§ **Task description**
Skip any image you find and restate the rest of the data word for word.

§ **The data**
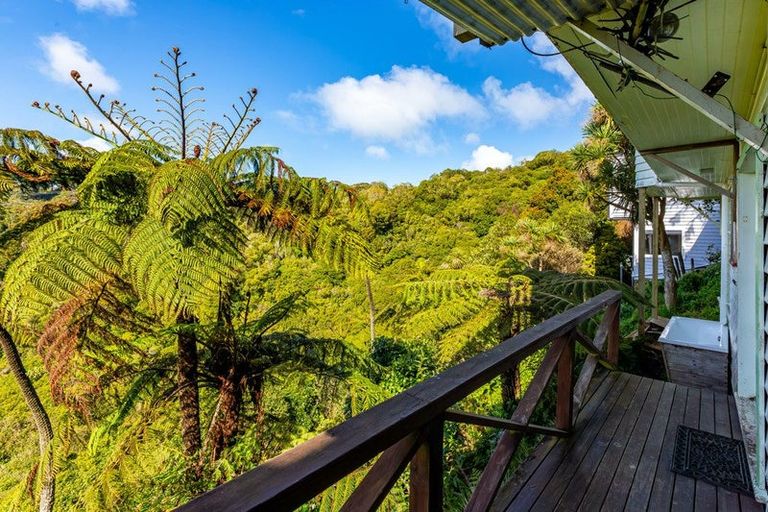 Photo of property in 61 Mount Pleasant Road, Aro Valley, Wellington, 6012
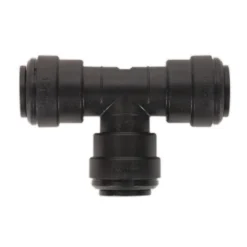 Sealey JGCT12 Equal Tee 12mm Pack Of 5 (John Guest Speedfit® - PM0212E)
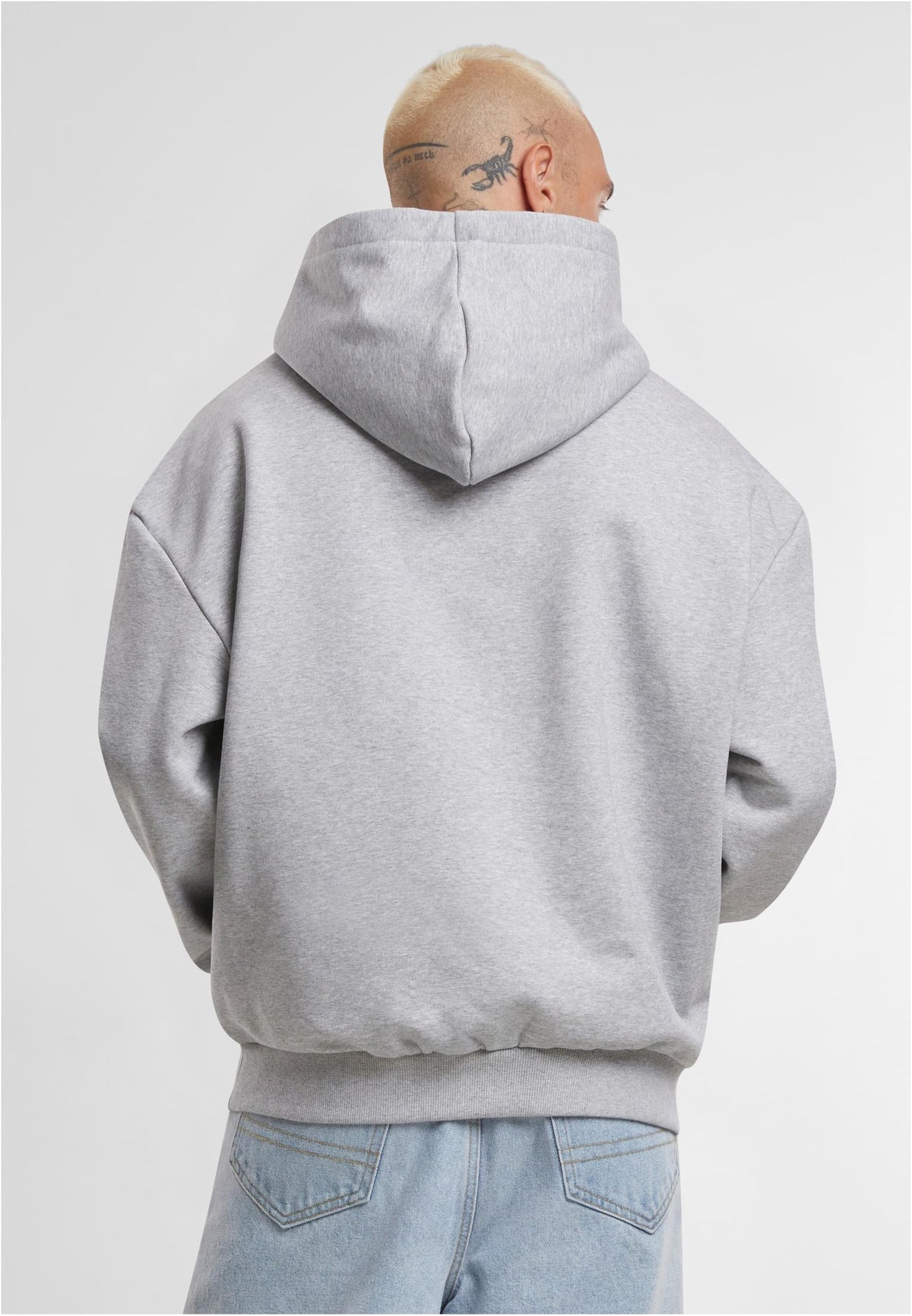 Ultra Heavy Oversized Hoody - workoutbrands.com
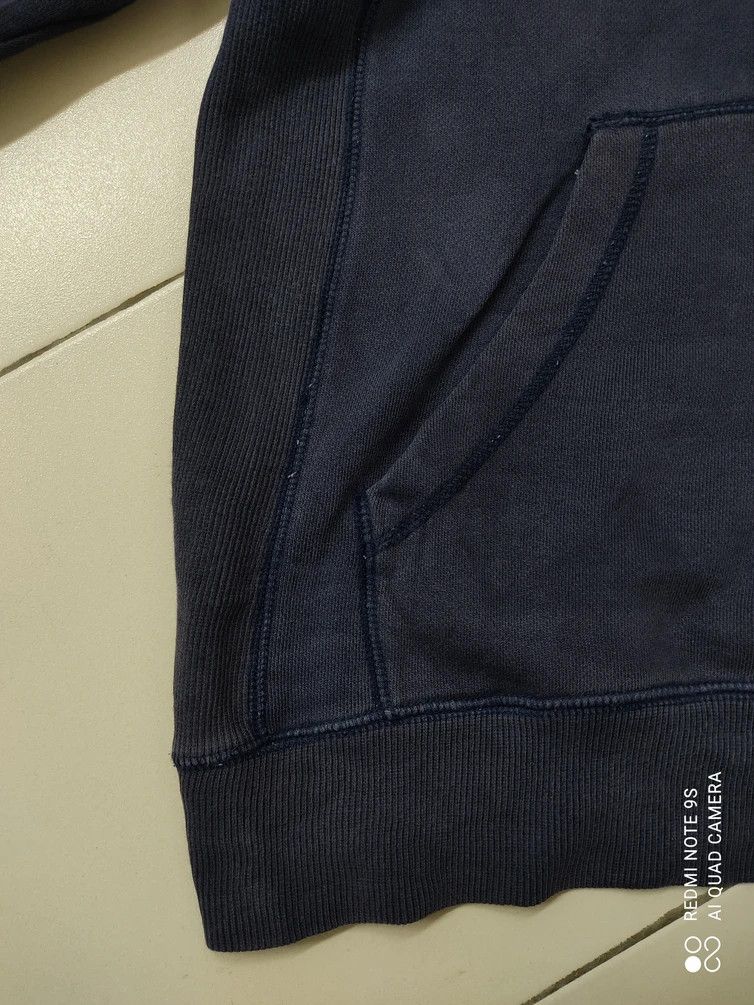 Stussy Faded Stussy Big Logo Embroidered Hoodie Size US L / EU 52-54 / 3 - 10 Thumbnail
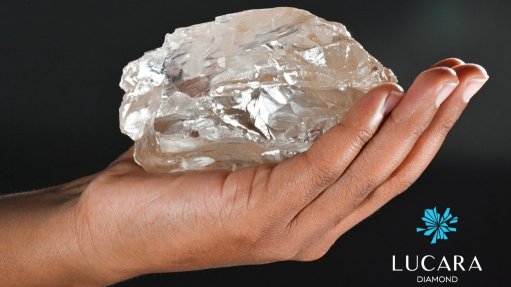 The 2 488 ct Motswedi diamond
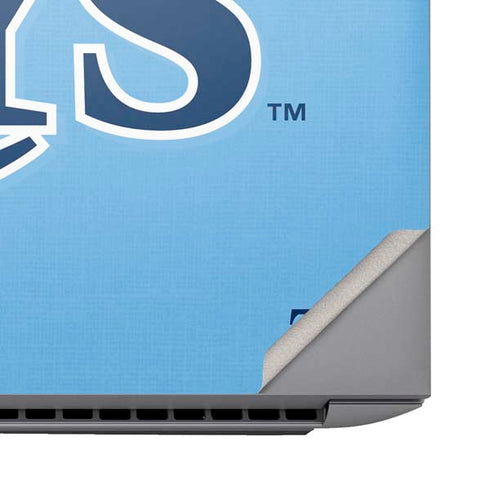 MLB Tampa Bay Rays Split HP ZBook Fury 16 G10 Skin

§ **Exercise solution**
 Photo of property in 61 Mount Pleasant Road, Aro Valley, Wellington, 6012
 Sealey JGCT12 Equal Tee 12mm Pack Of 5 (John Guest Speedfit® - PM0212E)
 Ultra Heavy Oversized Hoody - workoutbrands.com
 Stussy Faded Stussy Big Logo Embroidered Hoodie Size US L / EU 52-54 / 3 - 10 Thumbnail
 The 2 488 ct Motswedi diamond
 MLB Tampa Bay Rays Split HP ZBook Fury 16 G10 Skin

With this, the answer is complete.